Ray Connolly, Daily Mail
The Isle of Wight Festival in 1969 famously ‘stole Bob Dylan from Woodstock’ and was the starting point and benchmark for all rock and pop festivals in the UK.
What followed in 1970 was one of the world’s greatest music gatherings of all time, attracting musicians and fans from across the whole musical spectrum. The list of performers is a Who’s Who of the then music élite, who are now legends: Jimi Hendrix, Miles Davis, the Who, Joan Baez, Richie Havens, Joni Mitchell, Procul Harum, the Doors, Leonard Cohen, the Moody Blues, Emerson Lake and Palmer – the list goes on. This was Britain’s ‘Woodstock’ and all on a tiny island off the south coast. It would also be Hendrix’s last major performance – 17 days later he was dead.
Many remember this festival as a magical, life-changing experience, encapsulating the sixties trip of sex, drugs, rock’n’roll and a political yearning for a better world. But for others, a question looms large over the history: did this final festival help precipitate the end of the dream of an alternative society, or did it reflect the changes already taking effect?
“‘Dear Bob Dylan, please come and sing in our field!’ How two cheeky British public schoolboys bamboozled rock’s greatest stars to play at their very own Woodstock.”
About the author(s):
Ray Foulk & Caroline Foulk
Ray Foulk, now based in Oxford, has fostered many passions since his early days as a promoter. After the dizzy heights of the Isle of Wight Festivals and stadium events in London, the Foulk brothers were head-hunted by the Milton Keynes Development Corporation to help plan the leisure content of their new city.
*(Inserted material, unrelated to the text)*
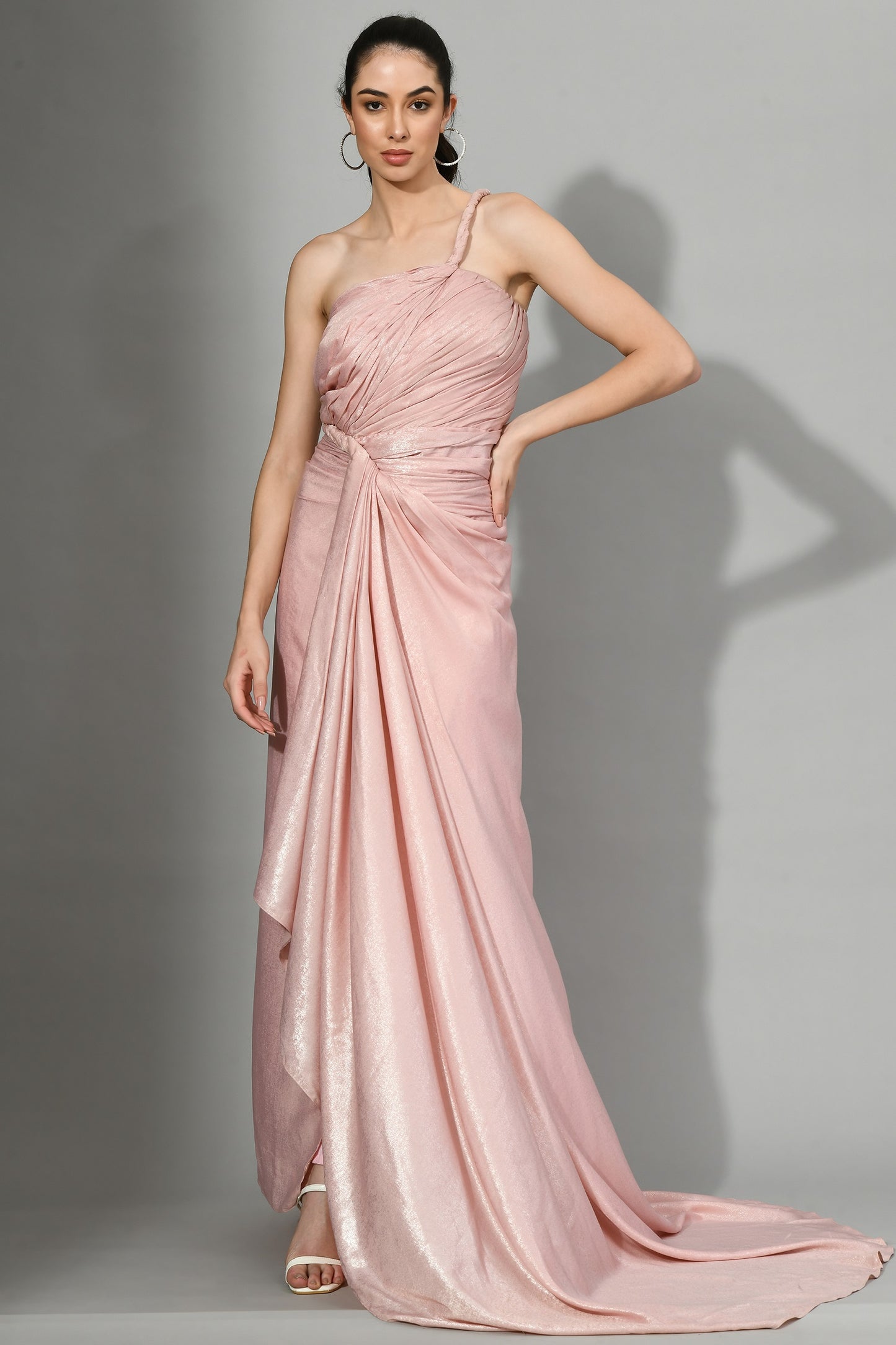 Radiant Bloom: Stylish Draped Pink Gown in Lustrous Satin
Through this Ray brought the inventor/scientist/designer Buckminster Fuller, to the project, embraced his environmentalism, and eventually trained as an architect himself at the University of Cambridge. Combining design, education and promotion he spent much of the nineties and noughties as an environmental campaigner, and led the ambitious in-schools project, Blue Planet Day, rekindling the satisfaction, and more, that the festivals had brought to his youth. Recent years have been dominated by environmental architecture and writing.
Caroline Foulk has worked with her father, Ray, for many years, researching, writing, and co-promoting the schools environmental project, Blue Planet Day. Recently, together they have completed a screenplay for the cinema about the invention of modern art. Caroline trained and worked as a teacher and lives in Oxford with her husband and three children.